# Does the frequency of light changes when it go through a prism

I know the prism can seperate the light into 7 colours, but my teacher said the frequency of light changes and so as the wavelength..

if he is right.... this is the bit i am not sure about

if the frequency of the light changes when it passes through a prism, does it mean the energy also changes? if it does, does it mean that when the light goes through a prism, it changes into 7 different rays which that we dont regard them as the visible light because they all have different frequency and energy ?

plz correct me

i am not even sure about my basic knowledge

many thanks

Meir Achuz
Homework Helper
Gold Member
The frequency does not change when light enters a prism, but the intensity and energy density of the light wave decreases somewhat due to partial reflection of the wave at the air-glass boundary.

jtbell
Mentor
Ok so basically a red light (wavelength of around 600 nm) entering say a prism whose refractive index is 1.5 becomes violet (wavelength of about 400 nm) in the prism, am I right?

No, the light is still red inside the prism.
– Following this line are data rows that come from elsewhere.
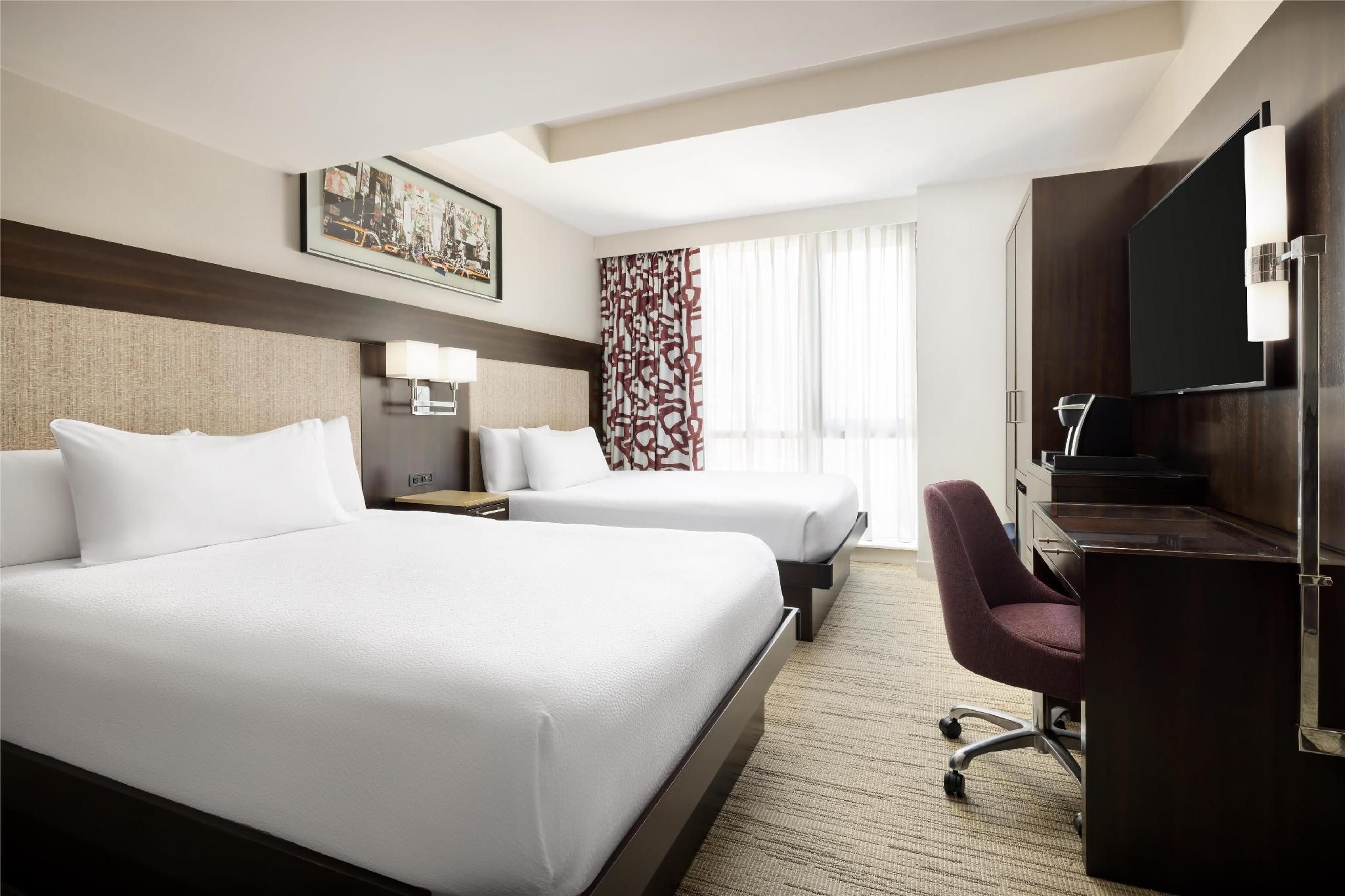 2 Queen Beds Hearing Accessible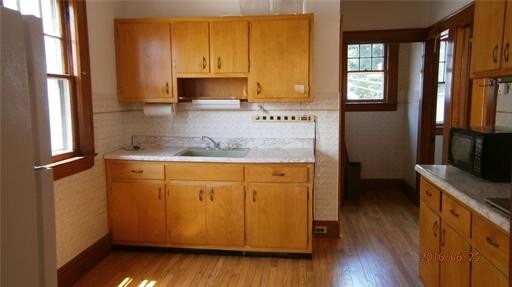 Building Photo - 130 Broughton Ave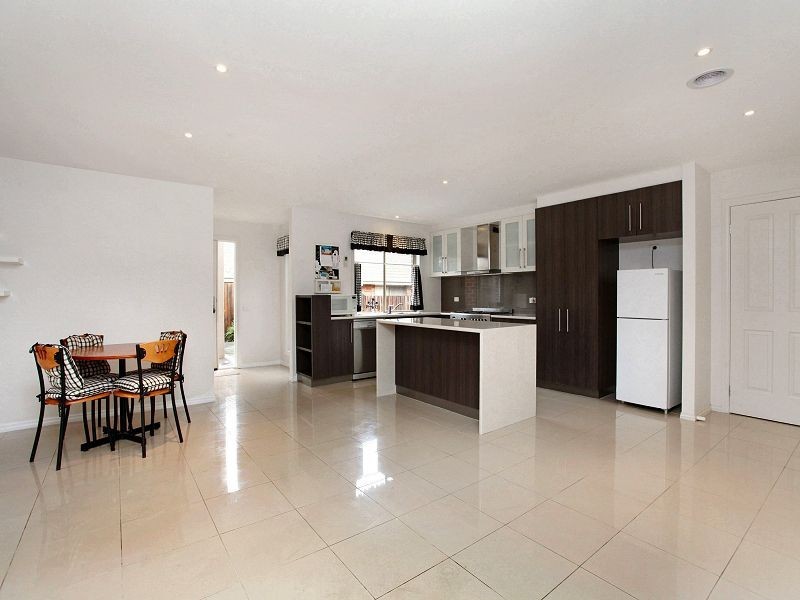 2/84 Underbank Boulervard, Bacchus Marsh VIC 3340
The frequency of the light (or energy of the associated photons, E = hf) is what fundamentally determines the color that we perceive. We usually relate color to wavelength (in vacuum or practically, in air) because wavelength is easier to measure directly.

fluidistic
Gold Member
No, the light is still red inside the prism. The frequency of the light (or energy of the associated photons, E = hf) is what fundamentally determines the color that we perceive. We usually relate color to wavelength (in vacuum or practically, in air) because wavelength is easier to measure directly.

Ok thank you, amazing.

All the frequencies ( or colors) make up white light. The prism seperates them. When Newton did this he also used a second prism placed so the spectrum coming out of the first prism was mixed back into white light which exited the second prism.

...the associated photons, E = hf

Wait a minute. Using this same logic I get an associated momentum, p=h_bar k; an increase in momentum and an imaginary mass.